Dans le système actuel, l'enfant, à sa naissance, est un être primitif en puissance, la bête est à la surface, exigeante et sauvage. Les parents l'éduquent selon les critères que leur milieu demande et leurs principes individuels, une toile d'obstruction aux instincts s'installe devant sa perception du monde et des choses, c'est le Surmoi. Et le petit animal n'a qu'à enterrer la bête au plus profond de lui, il crée son Moi pour se plier aux règles imposées. Des années d'éducation seront nécessaires à cet apprentissage quotidien, à cette sculpture psychique avant de prendre forme ; le petit humain se crée lentement.
Tout cela est merveilleux, semble parfaitement calculé. A l'age adulte, il ne s'accouplera pas en public dès la première envie, ne se servira pas dans un supermarché sans avoir payé au préalable. A sa puberté, même une violente crise hormonale ne le fera pas engrosser sa mère ou sa soeur. Il sera, sauf défaut de fabrication ou anomalie majeure, intégrable au corps social.
Malheureusement tout ceci n'est pas si simple.
Si la bête est enfouie, elle gouverne toujours, réclame sans cesse et impose son cri. Ses besoins despotiques, elle les fait savoir, envoie son sinistre émissaire, la pulsion. La pulsion monte de l'abîme au conscient, impose une tension nerveuse jusqu'à exécution. Et l'humain civilisé, intelligent, raffiné, se trouve victime de chacune d'entre elles. La torture est constante, insidieuse, elle se maintient. le pauvre individu est contraint de se démener pour échapper au supplice, cherchant à assouvir les besoins de son maître tout en respectant les contraintes du Surmoi, limites infranchissables ancrées dans son esprit. Prenons l'exemple d'un mâle européen d'une trentaine d'années, appelons le Jean-Marie :
Jean-Marie est à table, on est dimanche, c'est le printemps. A ses côtés, sa femme (Huguette), son frère (Bernard), ainsi que sa belle-soeur (la pulpeuse Tatiana). le repas se passe plutôt bien, aucune raison qu'il en soit autrement, les convives ont toujours eus, familialement, de bons rapports. Tout à coup, alors qu'Huguette sert le dessert (une tarte à la rhubarbe), l'animal endormi au fond de Jean-Marie se réveille. Il réclame de toute urgence une relation sexuelle, plus clairement un coït. Il est évident que, dans ce contexte, notre sympathique Jean-Marie ne peut répondre à cette demande. le Ça s'en fout éperdument, ce qui se passe en surface ne le concerne pas, il n'en a d'ailleurs aucune idée ; il se contente d'envoyer une pulsion. le hasard veut que Jean-Marie soit assis juste en face de la succulente Tatiana et de son décolleté indécent. Son éducation occidentale civilisée lui interdit la simple pensée d'une levrette furieuse avec la femme de son frère et son Moi a rejeté en Huguette, sa triste épouse, l'image de la Femme. Ces deux possibilités sont pourtant les seules permettant l'assouvissement direct du besoin et l'apaisement de la tension croissante, il n'a donc plus que la solution d'urgence, mystifier la bête, répondre à ses exigences par un but détourné. Il attend impatiemment l'occasion idéale.

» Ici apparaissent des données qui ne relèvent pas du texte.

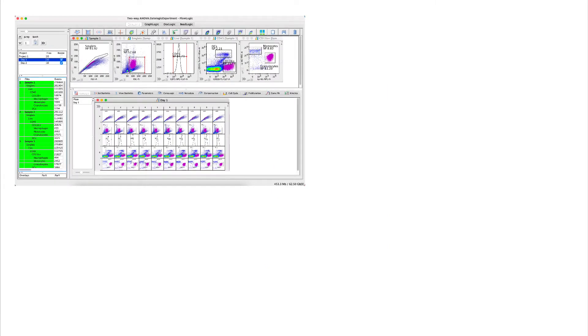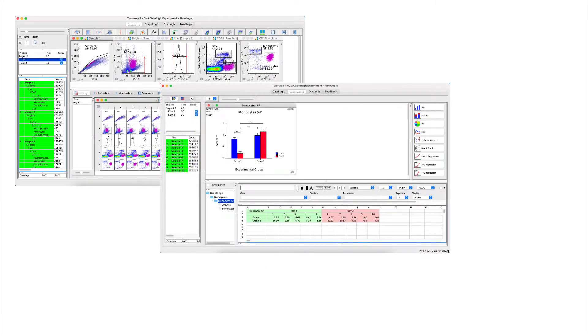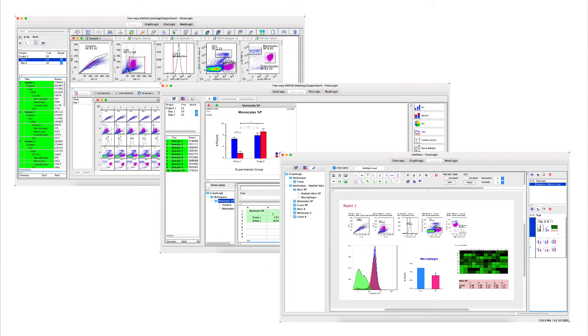Gating, heat maps, graphs, statistical analyses and reports are all linked and update in real time.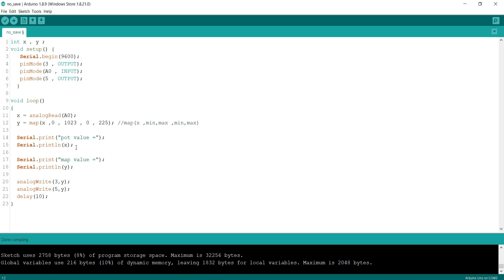In last two lines I used analog write function on pin 3 and 5, writing y as duty cycle, 0 to 255. Then last I used the delay function and it is delaying our loop for 10 milliseconds.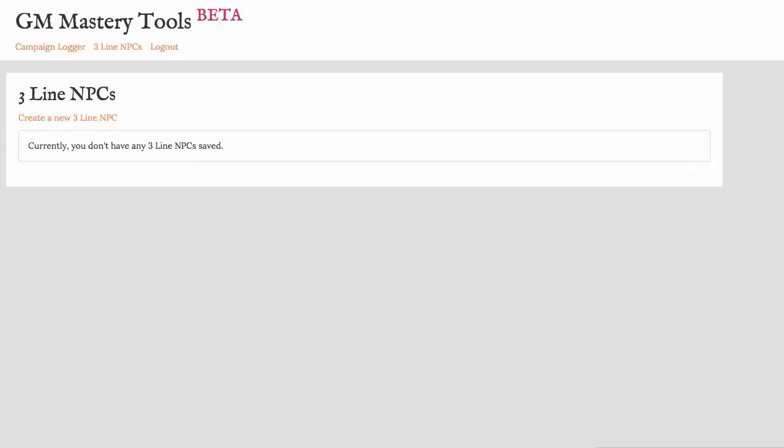Hi! This is the new Three Line NPCs tool that Jochen and I have created. It's an experiment just to see if you like this kind of tool.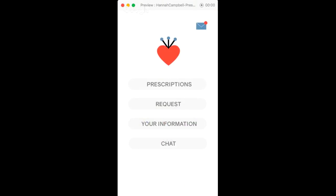This is the mobile side which is the patient side, and then there's the tablet app for the actual pharmacy tech. Thank you.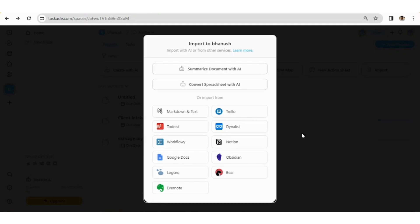And to know more AI tools like this, you can join our three hours live workshop. The link to the workshop is given in the description. Thank you for watching. See you in the next video.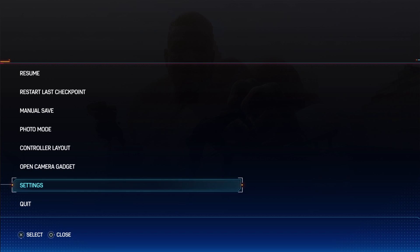Hello! In this video I want to show you how to enable or disable Web Shooter Burst in Spider-Man 2.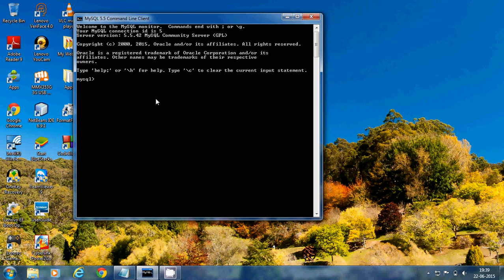Hi guys, welcome to the 11th MySQL tutorial from World Free Apps. In the previous video, we saw how to use the MySQL INSERT INTO SELECT statement — how to copy information from one table into another existing table, how to copy only the columns we want, and the INSERT INTO SELECT syntax and examples.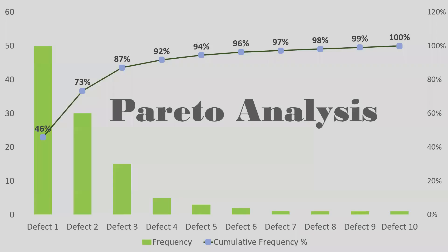So that's it. We learned how to create a Pareto chart and do the Pareto analysis. Thank you.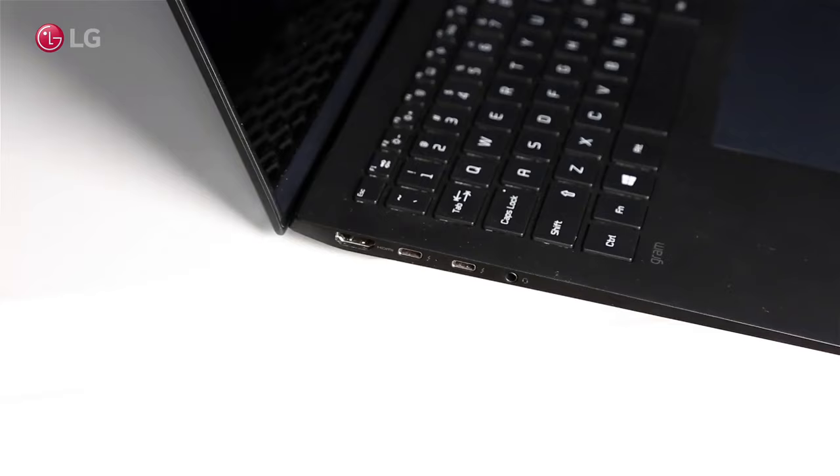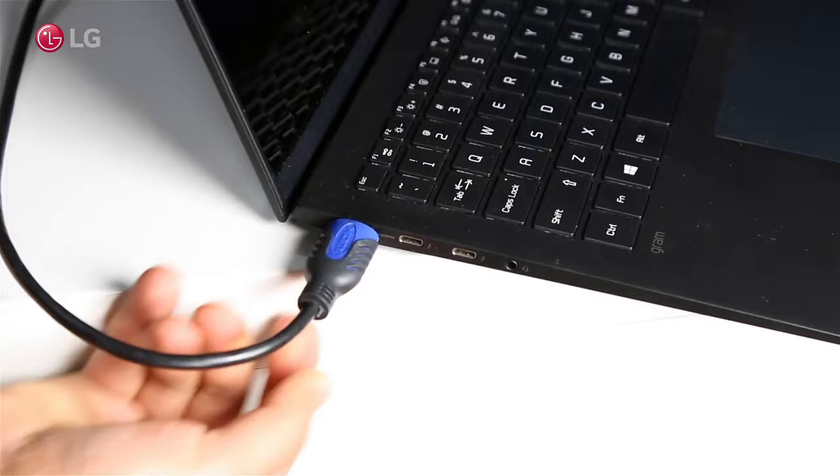Simply connect the HDMI cable to your PC and LG Smart TV.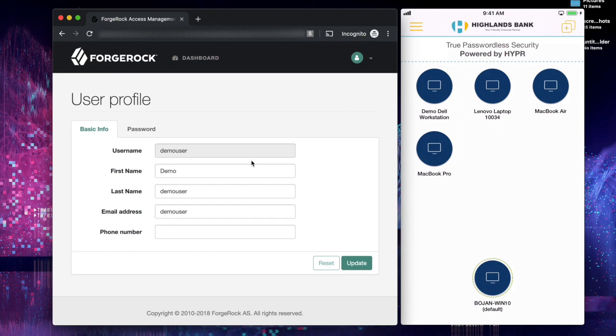Now this was all done without using any shared secrets and also without having to worry about credential stuffing for the enterprise.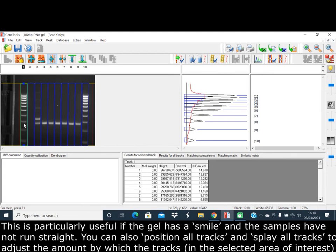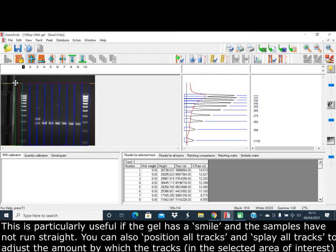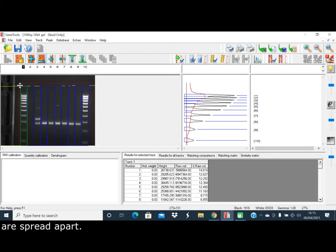This is particularly useful if the gel has a smile and the samples have not run straight. You can also position all tracks and splay all tracks to adjust the amount by which the tracks in the selected area of interest are spread apart.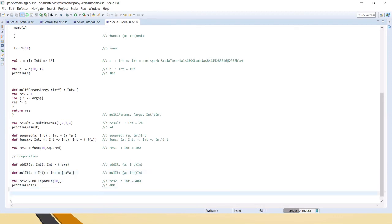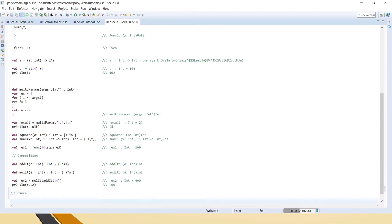Next we have closures. A closure is another function type in Scala whose return value depends on the value of one or more variables declared outside the function. By default we often do this, but these kinds of functions are specifically called closures in Scala.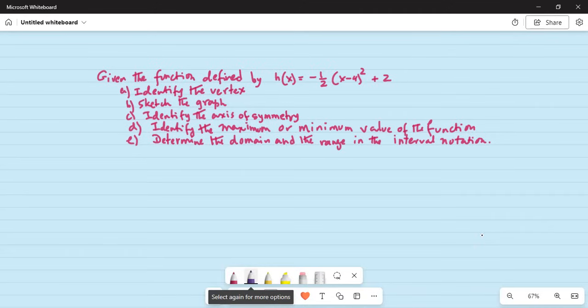Given the function defined by h of x equal to minus half times (x minus 4) squared plus 2. Identify the vertex. Sketch the graph. Identify the axis of symmetry. Determine the maximum or minimum value of the function. Determine the domain and range in interval notation.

En toute innocence, et probablement pour meubler la conversation, Bernard parle de l'un de ses amis, Mohamed. Il vante ses qualités, dit que c'est un brave gars et qu'il peut compter sur lui. Jean-Marie saisit l'occasion. Sous le regard incrédule de sa femme et de ses invités, il se lance dans un long monologue ultra-raciste ; les bicots, les chinetoques et les nègres, tous dans le même sac, c'est de la merde. Ils sont un fléau pour la France, et tous ceux qui les soutiennent, de la merde aussi. Bernard, un peu gêné, tente de se justifier, d'expliquer à son cher frère qu'il ne faut pas généraliser, il remarque vite que c'est inutile. La violence des propos de Jean-Marie devient telle que tout le monde se tait, mange sa part de tarte en silence. Dans l'esprit de Jean-Marie, la tension redescend. En réagissant ainsi, quasi-inconsciemment, il a fait valoir son statut de mâle dominant, il a trompé le Ça qui s'endort à nouveau, satisfait. L'ambiance est cassée à table, notre pauvre Jean-Marie prend à présent conscience du malaise généré par sa réaction. Il refuse pourtant l'idée que tout ceci ait eu lieu à cause d'une frustration sociale.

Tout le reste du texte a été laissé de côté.